What's the update on this issue?

bencevans commented 1 year ago

I've just started trying to implement @NicolasHug's design specced out in https://github.com/pytorch/vision/issues/1574#issuecomment-779360258.

https://github.com/pytorch/vision/compare/main...bencevans:vision:detection-output+loss

As @frgfm mentions in https://github.com/pytorch/vision/issues/1775 (duplicate issue), RoiHeads and RegionProposalNetwork will require changes, too, to force the loss to be returned. Is force_loss: bool = False {default} appropriate?

I'm pretty unfamiliar with the codebase (only as a user) so any pointers or collaboration would be awesome! I'd love to get this feature in as have been hit by it a few times now and end up hacking changes in mentioned from a related StackOverflow thread.

Perry45 commented 1 year ago

@bencevans I just also came form this StackOverflow issue and I regocnized that with the suggested change:

if self.training: proposals, matched_idxs, labels, regression_targets = self.select_training_samples(proposals, targets) else: labels = None regression_targets = None matched_idxs = None

to if targets is not None: proposals, matched_idxs, labels, regression_targets = self.select_training_samples(proposals, targets) else: labels = None regression_targets = None matched_idxs = None

my mAP metric is much higher if I call model(imgs, annotations) instead of model(imgs) with modal.eval() on my validation set.

I think it's because proposals are used for the actual feature calc and not only used for the loss: box_features = self.box_roi_pool(features, proposals, image_shapes) box_features = self.box_head(box_features) class_logits, box_regression = self.box_predictor(box_features)

So the method self.select_training_samples(proposals, targets) adjust somehow the proposals. Can someone explain me what this method does and why it is ok to call in training but not in eval?

Perry45 commented 1 year ago

Ok I came up with this idea for roi_heads.py:

    if targets is not None:
        if self.training:
            proposals, matched_idxs, labels, regression_targets = self.select_training_samples(proposals, targets)
        else:
            proposalsV, matched_idxs, labels, regression_targets = self.select_training_samples(proposals, targets)
            box_featuresV = self.box_roi_pool(features, proposalsV, image_shapes)
            box_featuresV = self.box_head(box_featuresV)
            class_logitsV, box_regressionV = self.box_predictor(box_featuresV)
    else:
        labels = None
        regression_targets = None
        matched_idxs = None

    box_features = self.box_roi_pool(features, proposals, image_shapes)
    box_features = self.box_head(box_features)
    class_logits, box_regression = self.box_predictor(box_features)
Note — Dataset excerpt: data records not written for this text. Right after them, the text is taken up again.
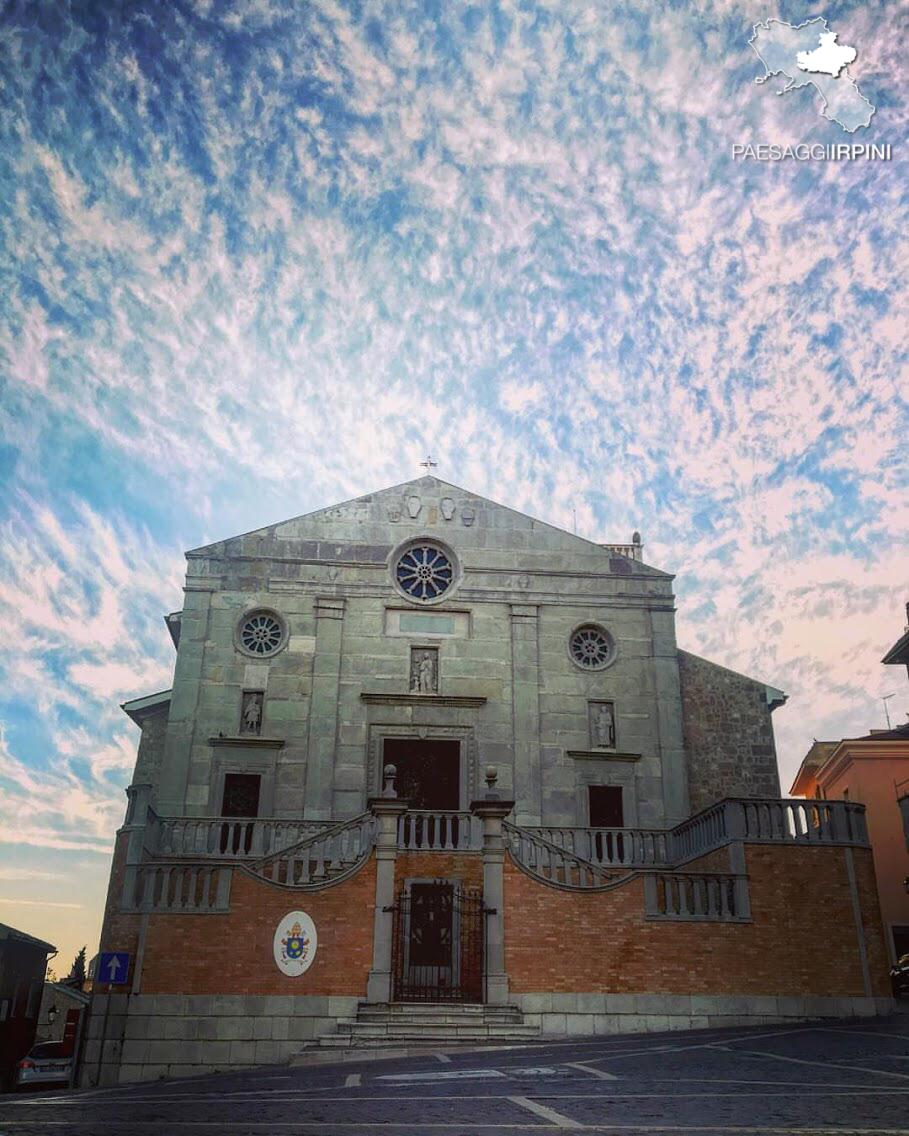 Ariano Irpino - Cattedrale della Vergine Assunta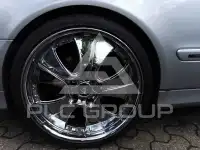 2000 Mercedes Benz C-Class
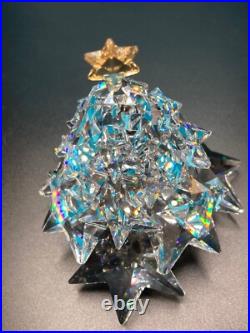 Swarovski Crystal 1139998 Christmas Tree Shining Star 9400 000 371 NIB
    result: List[Dict[str, torch.Tensor]] = []
    losses = {}

    if labels is not None and regression_targets is not None:
        if self.training:
            loss_classifier, loss_box_reg = fastrcnn_loss(class_logits, box_regression, labels, regression_targets)
        else:
            loss_classifier, loss_box_reg = fastrcnn_loss(class_logitsV, box_regressionV, labels, regression_targets)
        losses = {"loss_classifier": loss_classifier, "loss_box_reg": loss_box_reg}

    if self.training:
        if labels is None:
            raise ValueError("labels cannot be None")
        if regression_targets is None:
            raise ValueError("regression_targets cannot be None")
    else:
        boxes, scores, labels = self.postprocess_detections(class_logits, box_regression, proposals, image_shapes)
        num_images = len(boxes)
        for i in range(num_images):
            result.append(
                {
                    "boxes": boxes[i],
                    "labels": labels[i],
                    "scores": scores[i],
                }
            )

So if you are in training mode nothing changes. If you are in eval mode and no target is provided nothing changes. But if you are in eval mode and a target is passed, then I do the Pooling and stuff twice. Once for the loss with the data from select_training_samples and once with the original proposals to get the correct mAP so that it is consistent with the non-target call. Is this a valid approach?

NicolasHug commented 1 year ago

@oliverdain reported in https://github.com/pytorch/vision/issues/7063 that there is a similar need for KeyPoint models

WillieMaddox commented 1 year ago

I've been working this problem too and wondering if it's even necessary that we call,

proposals, matched_idxs, labels, regression_targets = self.select_training_samples(proposals, targets)

when in self.eval() mode. If so, which parts of select_training_samples are required for self.eval() mode?

For example, would adding gt_boxes to the proposals bias the val losses in some unexpected way?

proposals = self.add_gt_proposals(proposals, gt_boxes)

What about sampling a fixed proportion of positive-negative proposals.

sampled_inds = self.subsample(labels)

This cuts out a significant number of proposals which we may not want to do in eval mode. It reminds me of Dropout. Can anyone explain (or provide links to literature on) why these 2 methods are necessary?